Brown’s criticism summarized the sentiment of many community leaders who gathered in Quincy for a July 15 meeting with CHP Commander Bruce Carpenter and his boss Todd Chadd.
The two-hour session, conducted by State Assemblyman Dan Logue, took the local CHP to task over the way it has been doing business.
“I am very concerned about the future and the reputation that the CHP has in this county,” Logue said. “This is an oppressed area by law enforcement. It has to change. I will do whatever it takes. I will pay whatever price I have to pay to make sure it happens.”
Carpenter listened intently as community members, including Plumas County Sheriff Greg Hagwood, shared specifics about their troubling encounters with CHP officers.
Carpenter, who has been commander for just under a year, said he is aware of the negative public perceptions.

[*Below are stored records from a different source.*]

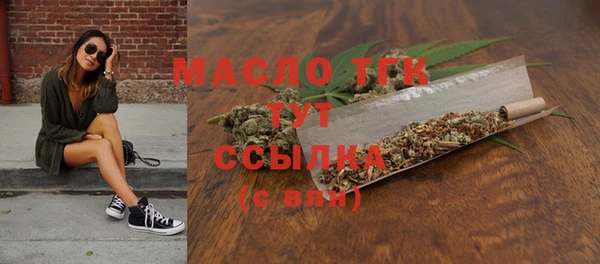 ешки Бородино
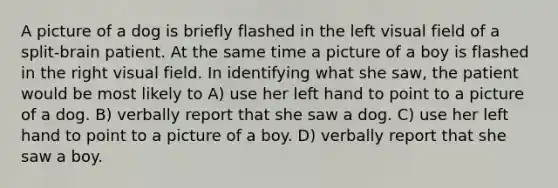 A picture of a dog is briefly flashed in the left visual field of a split-brain patient. At the same time a picture of a boy is flashed in the right visual field. In identifying what she saw, the patient would be most likely to A) use her left hand to point to a picture of a dog. B) verbally report that she saw a dog. C) use her left hand to point to a picture of a boy. D) verbally report that she saw a boy.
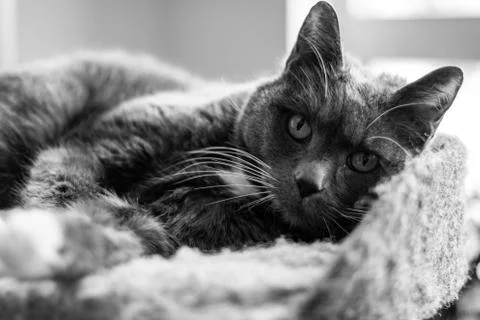The gray cat Stock-Fotos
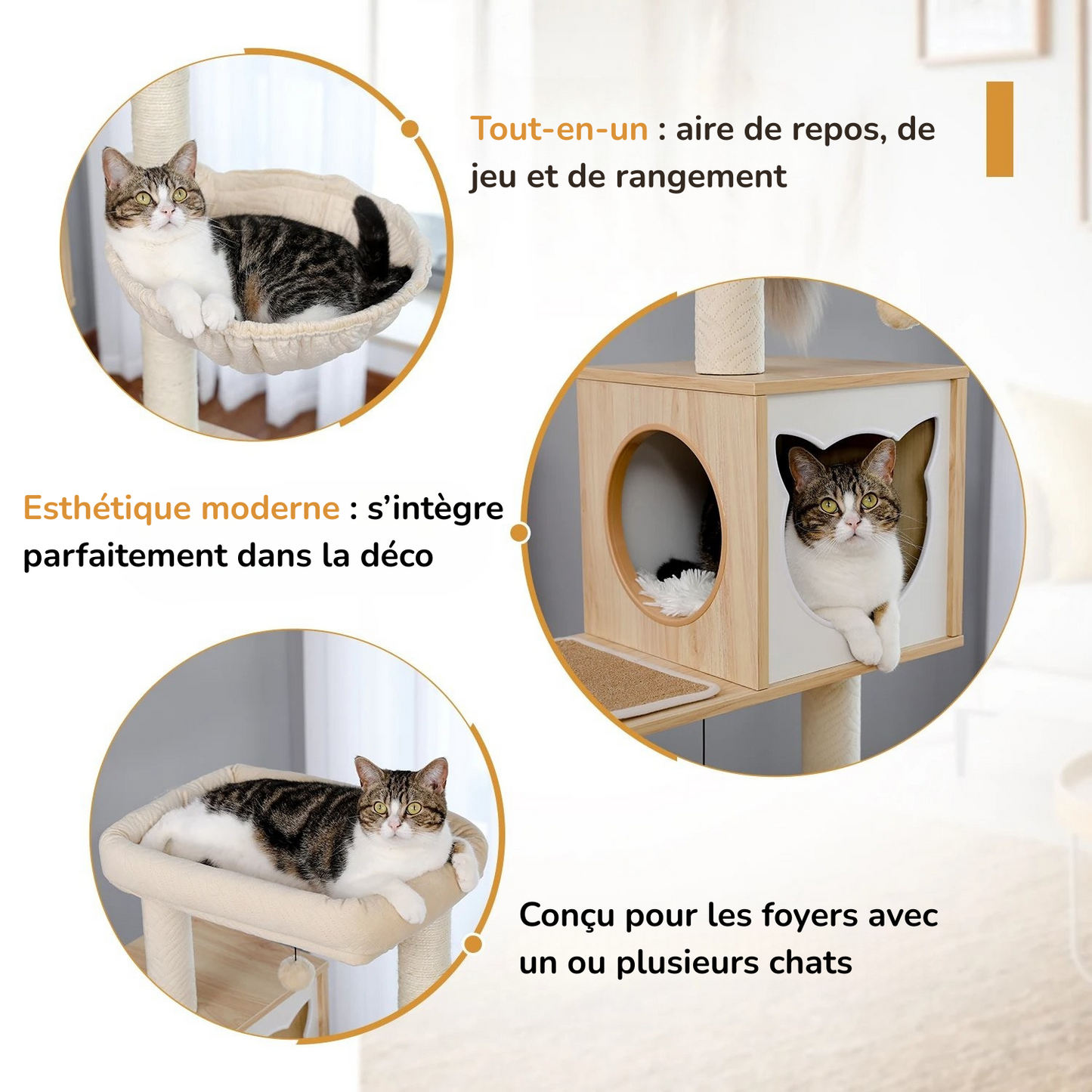 Grand Arbre à Chat en bois MonAmiFidèle
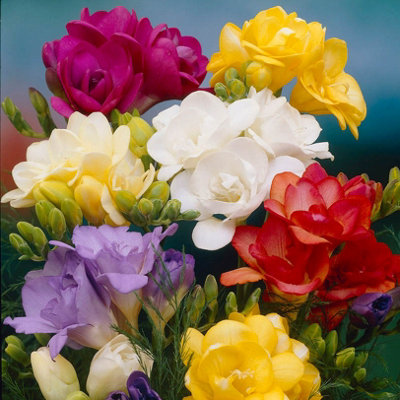 50 x Double Freesias Mixed Corms Colourful Blooms for Your Garden - Fragrant Plants for Gardens Suppied as a Pack of 50 Corms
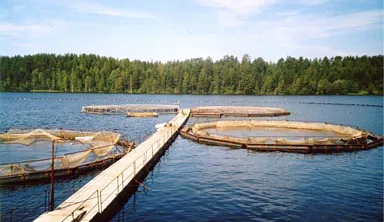 пъстърва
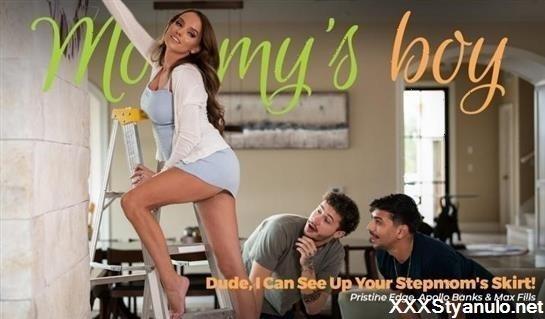 Pristine Edge - Dude, I Can See Up Your Stepmoms Skirt! [FullHD]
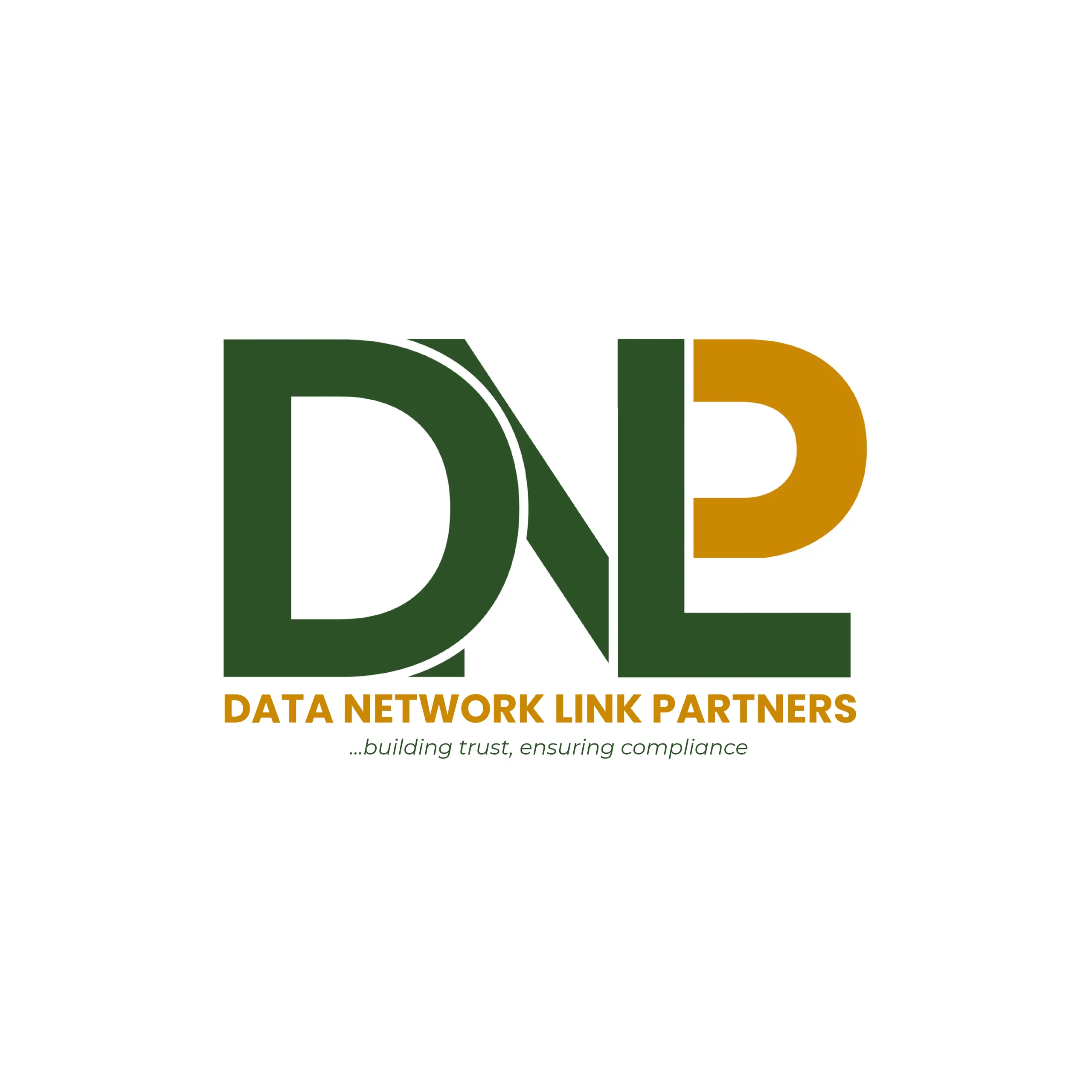 Data Network Link Partners profile photograph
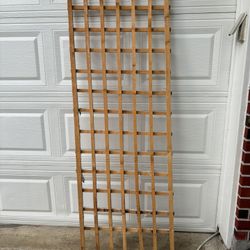 Climber Plant Hanger 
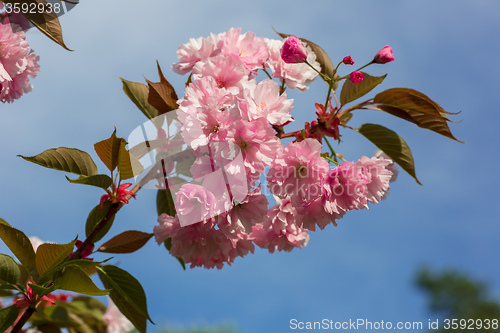 Image of Beautiful Cherry blossom , pink sakura flower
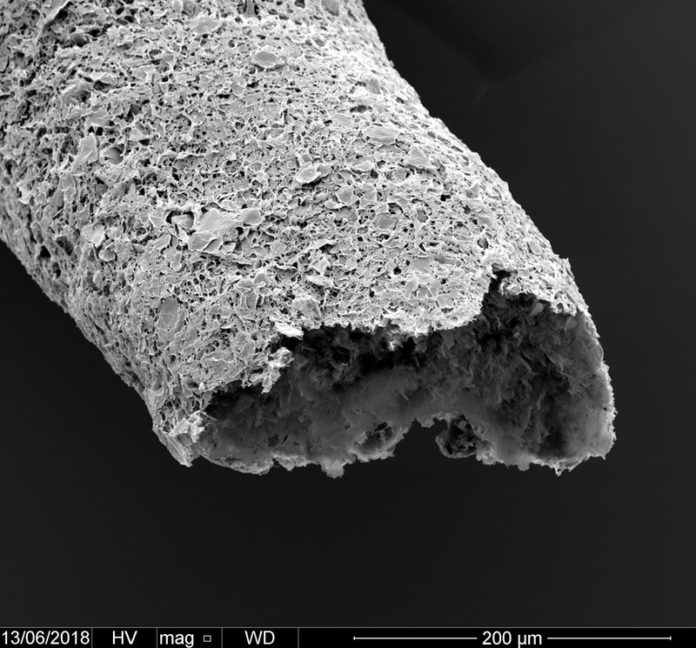New biomaterial enables 3D Printing of tissue-like vascular structures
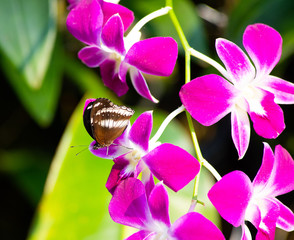 Tropical orchid and butterfly, Thailand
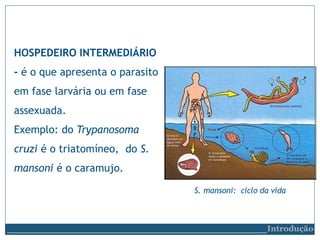 HOSPEDEIRO INTERMEDIÁRIO
- é o que apresenta o parasito
em fase larvária ou em fase
assexuada.
Exemplo: do Trypanosoma
cruzi é o triatomíneo, do S.
mansoni é o caramujo.
S. mansoni: ciclo da vida
__________________________Introdução
 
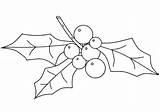 Holly Coloring Pages Printable Christmas Drawing Categories sketch template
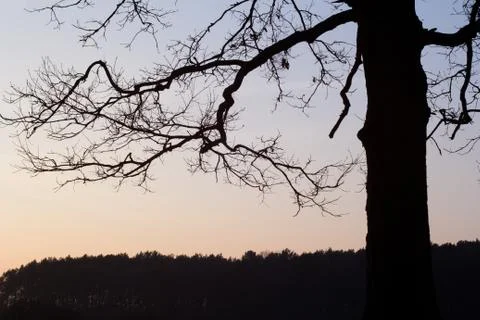 Tree silhouette at sunset Stock Photos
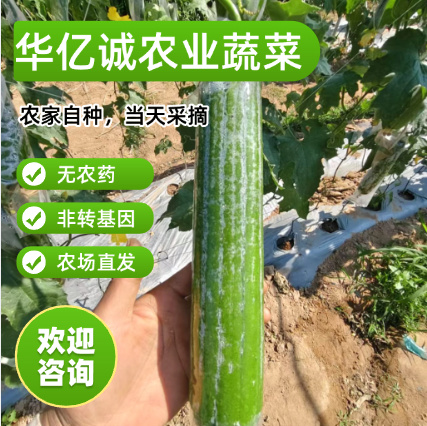 东方市肉丝瓜新鲜今年新种短棒胖香丝瓜海南农家现摘新鲜类蔬菜批发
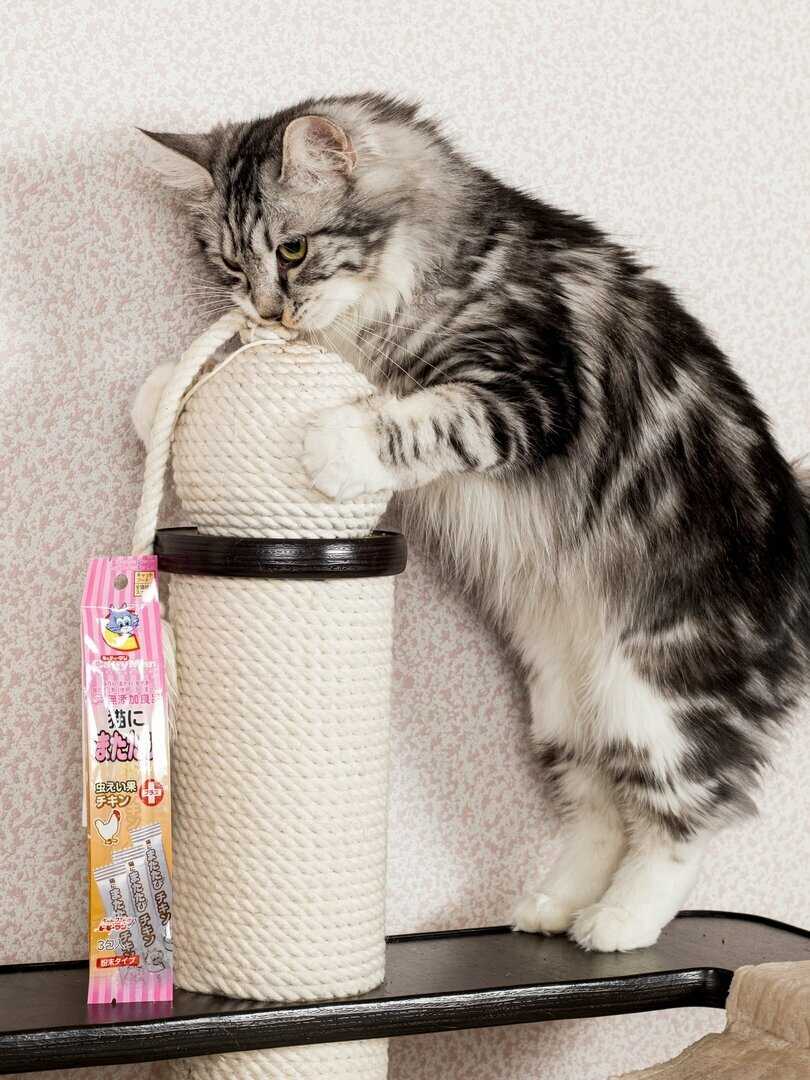 Japan Мататаби Premium Pet с экстрактом японского цыпленка (3 шт х 0,5г) фотография 4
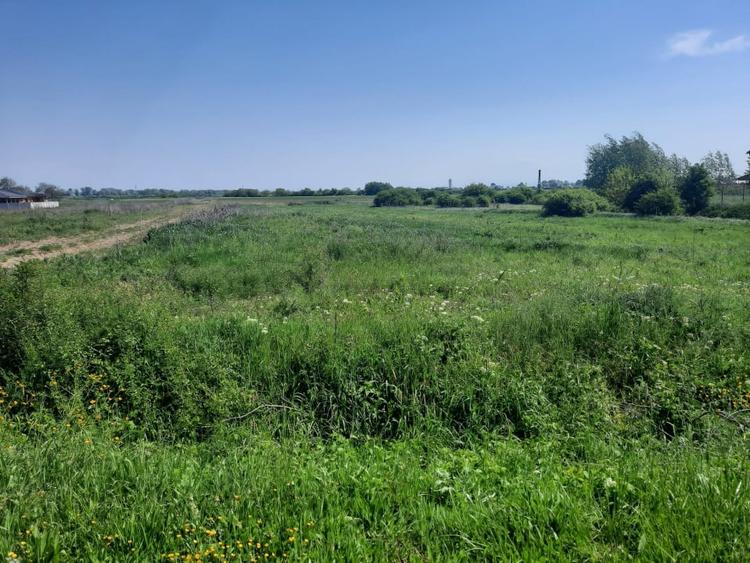 Teren Construcții intravilan de 12216 mp, în Vetiș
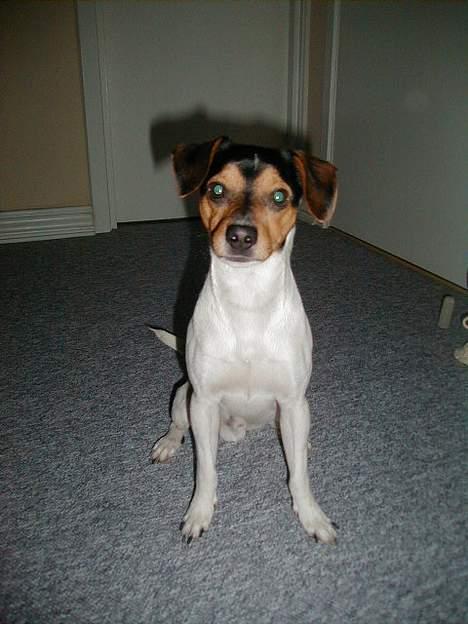 Dansk svensk gaardhund Buster - Hvor jeg elsker at blive taget billeder af. billede 2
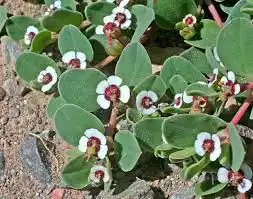 10 Medicinal Health Benefits Of Euphorbia albomarginata (Snow-on-the-Mountain)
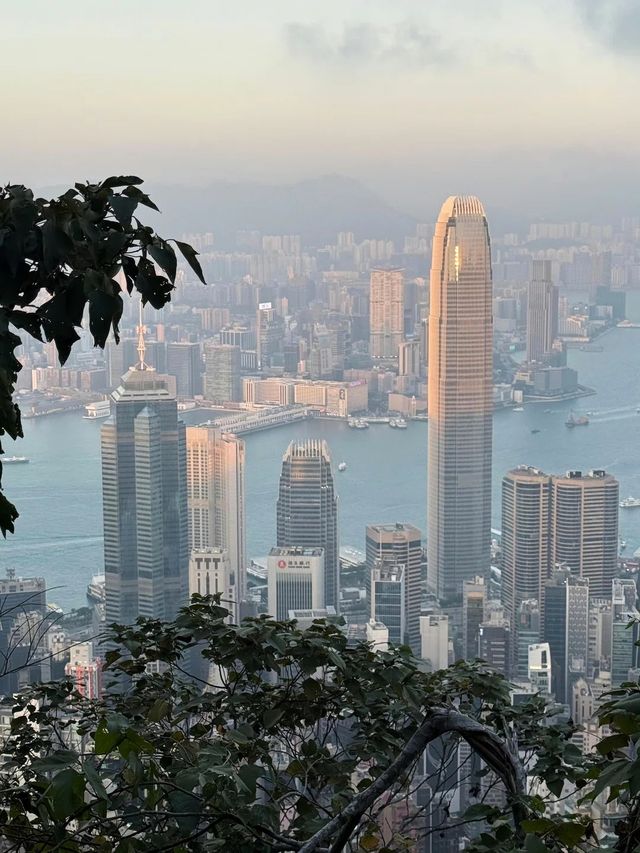 一定要去香港！推薦大家去，真的太正了！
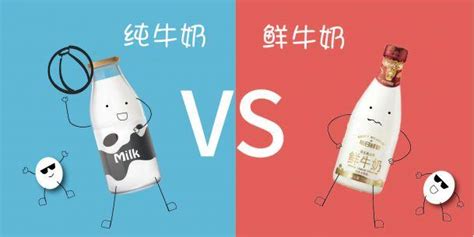 鮮奶和純牛奶哪個(gè)更有營(yíng)養(yǎng)(鮮奶和純牛奶哪個(gè)更有營(yíng)養(yǎng)呢)縮略圖
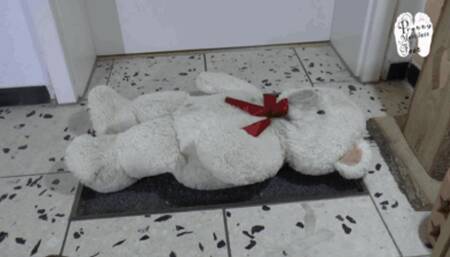 Sweet Teddy use as like a door mat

He said he wants to change that.
“I would implore all of you (in the community), if you have a problem with one of my officers … call me,” Carpenter said. “Call me, so I can deal with it. If you don’t call me, the cases you are talking about, I cannot do anything about it.”
The meeting ended with Logue praising Carpenter for taking the community’s criticism seriously. The group pledged to meet again in 60 days.
“We are not going to solve it all in the first 60 days. But we are going to head in the right direction and make sure it gets fixed,” Logue said.
And the people of Plumas County said there is a lot that needs to be fixed.
Hagwood said the CHP’s credibility problem affects the sheriff’s office as well.
“For a while my attitude was, ‘well that’s the CHP. If their credibility gets damaged that’s not my problem,’” Hagwood said. “But it is my problem. Because it’s a reflection on all of law enforcement.”
In general, the problems reported during the meeting concerned CHP officers being overly aggressive. Some told Carpenter they felt patrolmen were looking for any excuse at all to pull people over.
“Part of it is the mentality where you have young (CHP officers) talking about going hunting, or having to be creative to pull people over,” Plumas County District Attorney David Hollister said. “And you really get this ‘us versus them’ mentality.”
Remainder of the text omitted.